総工費50億円以上をかけた四季島は、シャンパンゴールドの車体と高級旅館のような内装が特徴で、東日本を中心に各地を巡る。10両編成の客室をすべてスイートタイプとし、料金は74万~95万円(2人1室利用)。定員は34人で、1日出発の最上級客室「四季島スイート」の倍率は76倍だった。来年3月分まで完売しているという。
17組33人の乗客は上野駅にあるラウンジ「プロローグ四季島」でくつろいだ後、専用ホーム「新たな旅立ちの13.5番線」から乗り込んだ。午前11時40分、駅長の合図で列車が動き出すと、乗客らは窓から手を振り、上野駅を後にした。

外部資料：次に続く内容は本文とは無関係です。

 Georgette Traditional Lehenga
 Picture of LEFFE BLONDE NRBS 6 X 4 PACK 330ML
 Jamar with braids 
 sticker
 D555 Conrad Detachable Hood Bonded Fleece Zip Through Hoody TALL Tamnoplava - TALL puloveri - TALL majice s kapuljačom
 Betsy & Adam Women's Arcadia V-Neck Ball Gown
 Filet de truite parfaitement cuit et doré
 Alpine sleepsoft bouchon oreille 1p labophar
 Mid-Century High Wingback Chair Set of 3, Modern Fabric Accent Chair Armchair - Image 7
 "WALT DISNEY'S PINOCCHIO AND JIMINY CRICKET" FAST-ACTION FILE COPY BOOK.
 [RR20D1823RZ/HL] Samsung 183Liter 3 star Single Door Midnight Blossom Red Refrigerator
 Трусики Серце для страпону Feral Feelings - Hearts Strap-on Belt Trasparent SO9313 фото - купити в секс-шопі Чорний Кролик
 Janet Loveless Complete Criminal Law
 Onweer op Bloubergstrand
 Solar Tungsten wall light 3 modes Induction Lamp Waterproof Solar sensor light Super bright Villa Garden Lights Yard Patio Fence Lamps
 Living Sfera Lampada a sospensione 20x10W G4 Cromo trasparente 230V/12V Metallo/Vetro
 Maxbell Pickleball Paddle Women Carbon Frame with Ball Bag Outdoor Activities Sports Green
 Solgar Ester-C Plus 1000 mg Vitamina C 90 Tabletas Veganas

出発前のセレモニーにはJR東の冨田哲郎社長や車両をデザインした奥山清行氏らが出席。冨田社長は「4年前からグループをあげて構想を練ってきた。四季島のお客には、上質でプレミアムな空間と感動のひとときを過ごしてほしい。今年はJR東発足30周年にあたる。今後は四季島とともに新しい鉄道サービスと鉄道の歴史をつくりあげていきたい」と話した。
デラックススイートに乗り込んだ東京都の速見哲さん(65)は「退職を記念して申し込んだ。この日を待ち切れなくてわくわくしている」と笑顔。「東北から北海道を列車でぐるりと巡るなんて人生に一度の機会。いい思い出をつくりたい」と話した。
「料理と車内サービスを楽しみにしている。車窓から望む新緑の東北を目に焼きつけたい」と妻の久子さん(61)。「ひのきのお風呂が特に楽しみ」と語った。